Generate a condition for a GraphWarden rule
Help me write a GraphWarden condition that matches {describe the scenario — which users or requests should trigger, under what gating logic, and what the rule should do when matched}. Use the 11 condition types documented at /docs/api-reference/condition-types, pick the smallest set that expresses the intent, and return a complete rule block including `match:`, `conditions:`, and `action:`. If the intent needs OR or NOT semantics, use `logic_group` with `any_of` or `none_of`. Do not invent new condition type names; only the 11 documented types exist.
Reference: llms.txt
Troubleshooting
A condition referencing a group UUID silently does not match
The group_membership and administrative_unit conditions issue Graph calls to resolve transitive membership. If the calling App Identity lacks GroupMember.Read.All or AdministrativeUnit.Read.All, the resolution returns an empty list and the condition evaluates false with no error surfaced to the caller. Confirm the scope is granted on the App Identity; the proxy logs a warning when resolution returns zero groups for a user who should have some.
The regex operator on object_attribute does not match
The regex operator on object_attribute accepts PCRE. Anchor the pattern with ^ and $ when you intend a full-string match — an unanchored pattern is treated as a substring search by most PCRE engines, which matches more values than operators often expect. Test the pattern against a known Graph response value before deploying.

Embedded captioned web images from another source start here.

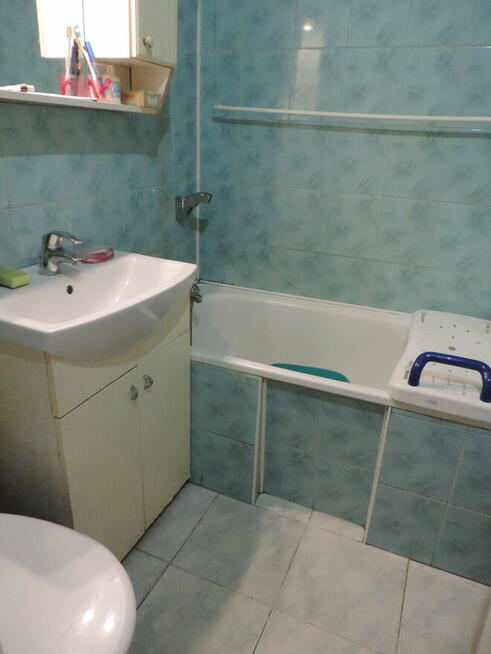 M-3 osiedle Batorego, wysoki parter, loggia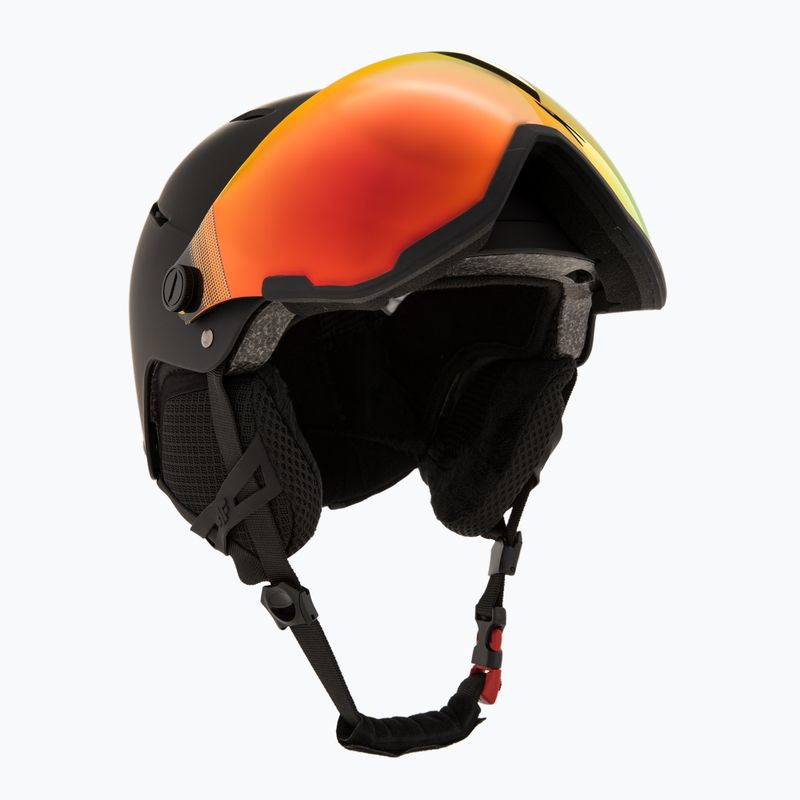Casco da sci per bambini 4F U134 off white 10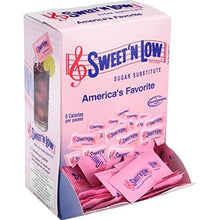 Load image into Gallery viewer, Sweetener Packets, Sweet'N Low, Box Of 400 Packets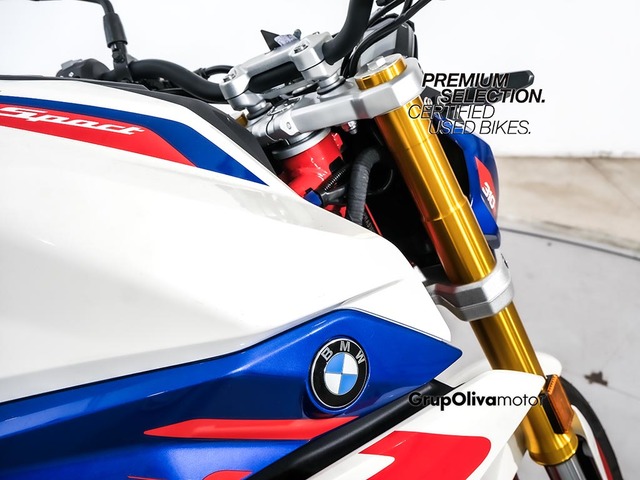 BMW Motorrad G 310 R  de ocasión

time_window matches off-by-one across daylight-saving transitions
The utc_offset field is a static signed offset, not a time-zone name. Pinning utc_offset to -04:00 holds the window at Eastern Daylight Time year-round, which is one hour off during Standard Time. If the business rule is "09:00 to 17:00 in New York all year," pin utc_offset to the standard-time offset (-05:00) and accept the one-hour shift during DST, or split the rule across two rulesets swapped on the transition dates.
ip_range matches every request to the load balancer IP
Behind a load balancer or reverse proxy, the TCP connection IP the proxy sees is the load-balancer IP, not the original caller. Configure the upstream to set X-Forwarded-For and enable forwarded-headers processing on the proxy host. Without that, every ip_range condition evaluates true or false uniformly based on the load-balancer address and not the real caller.
A rule with multiple conditions never matches even though each condition is correct alone
Top-level conditions combine with AND semantics. If the intent was OR, wrap the alternatives inside a single condition with logic_group: "any_of" and a variants: list rather than listing them as separate top-level conditions. The Admin app's What-If simulator shows which conditions evaluated true and which did not — use it to isolate the failing branch.
For the response-side transformations that apply when a rule matches with action: filter, see Transform types.